HOW TO COMPLETE THIS TASK
Word for word, copy the entire listing below, but do not carry over any pictures.

GIVEN INFORMATION
== Segment start ==
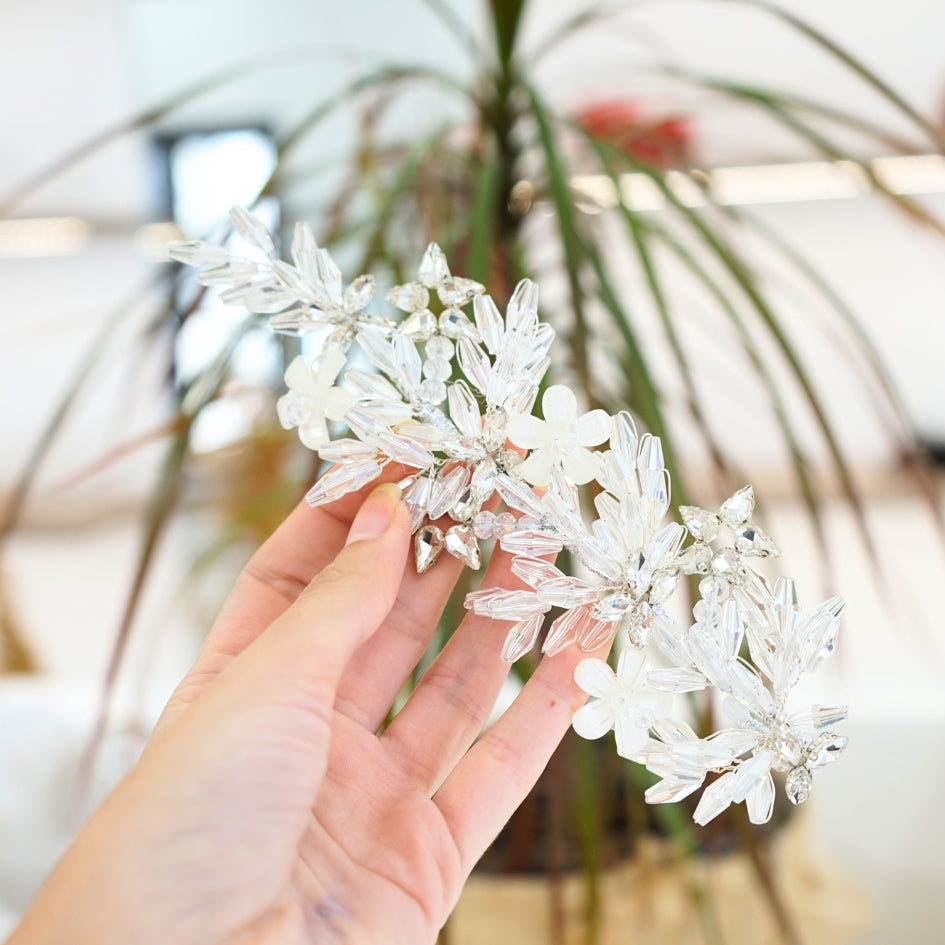 Broche blanc de cheveux pour mariage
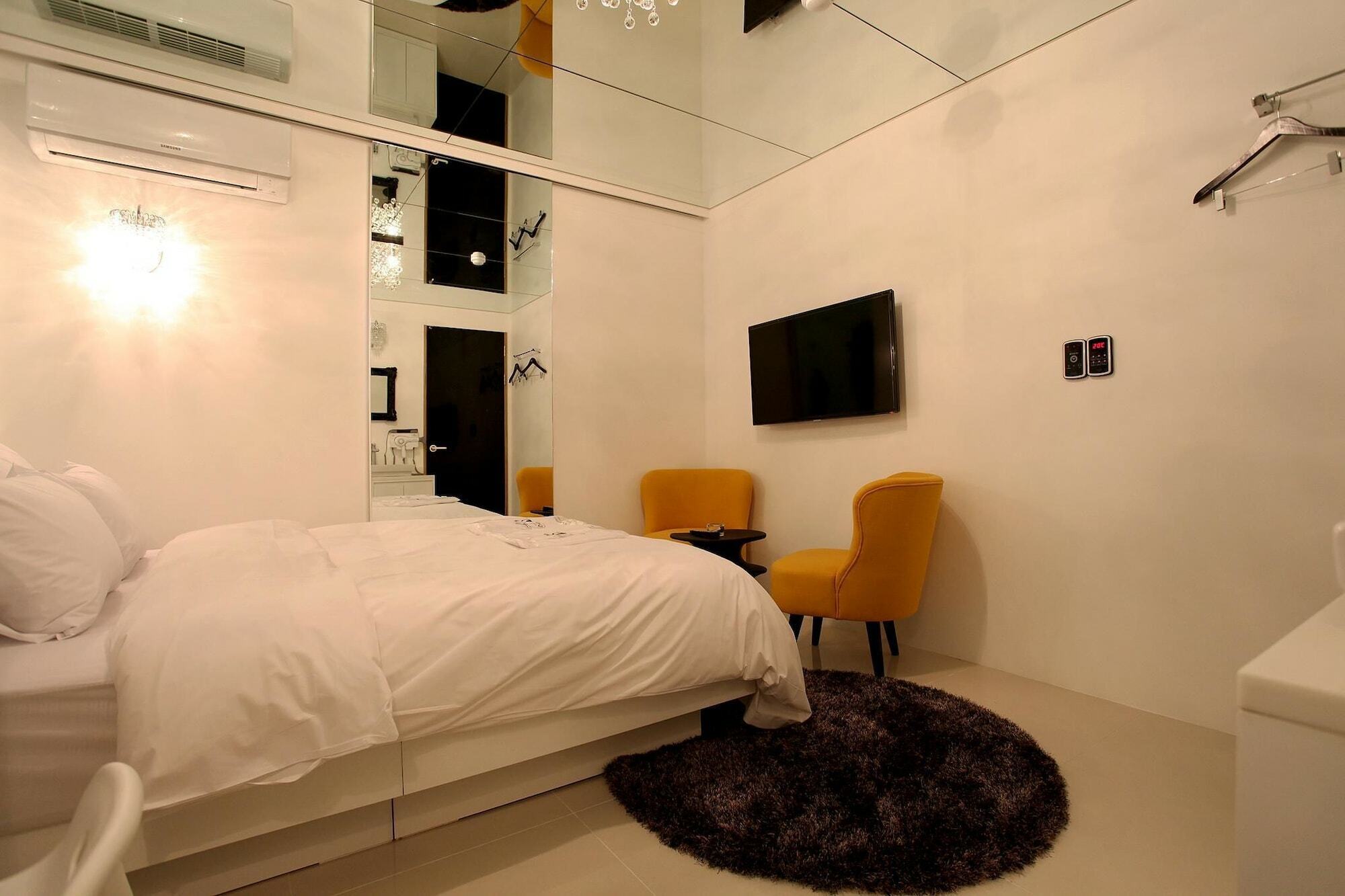 Lush Hotel Seoul Exterior photo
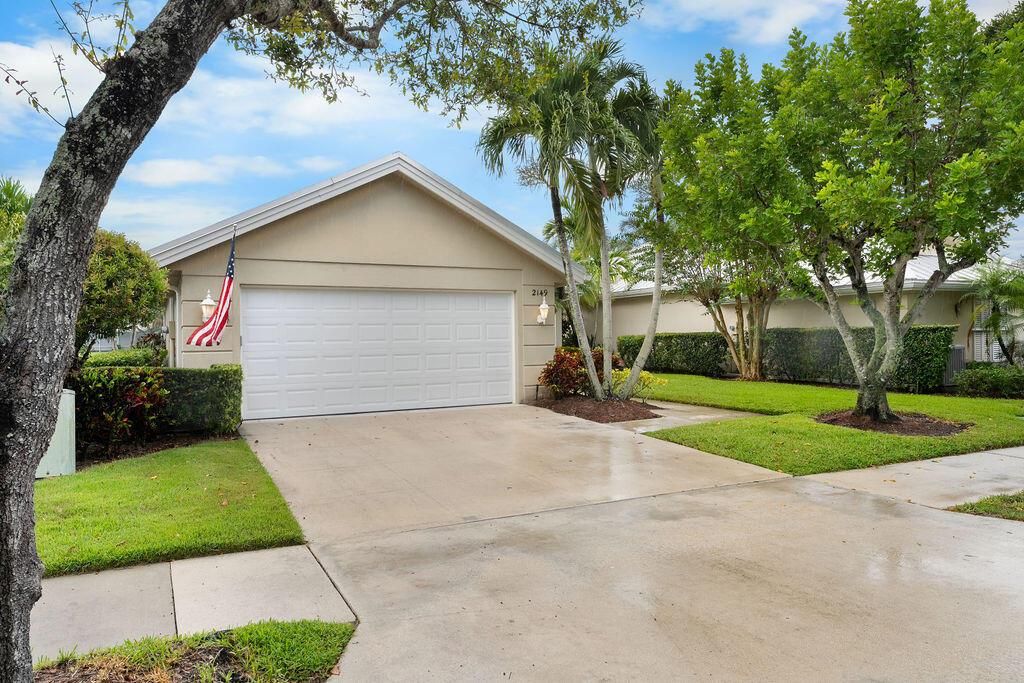 Photo of 2149 SW Mayflower Drive, Palm City, FL 34990 (MLS # R11115926)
== Segment end ==
OUTPUT OF THE EXERCISE
 Broche blanc de cheveux pour mariage
 Lush Hotel Seoul Exterior photo
 Photo of 2149 SW Mayflower Drive, Palm City, FL 34990 (MLS # R11115926)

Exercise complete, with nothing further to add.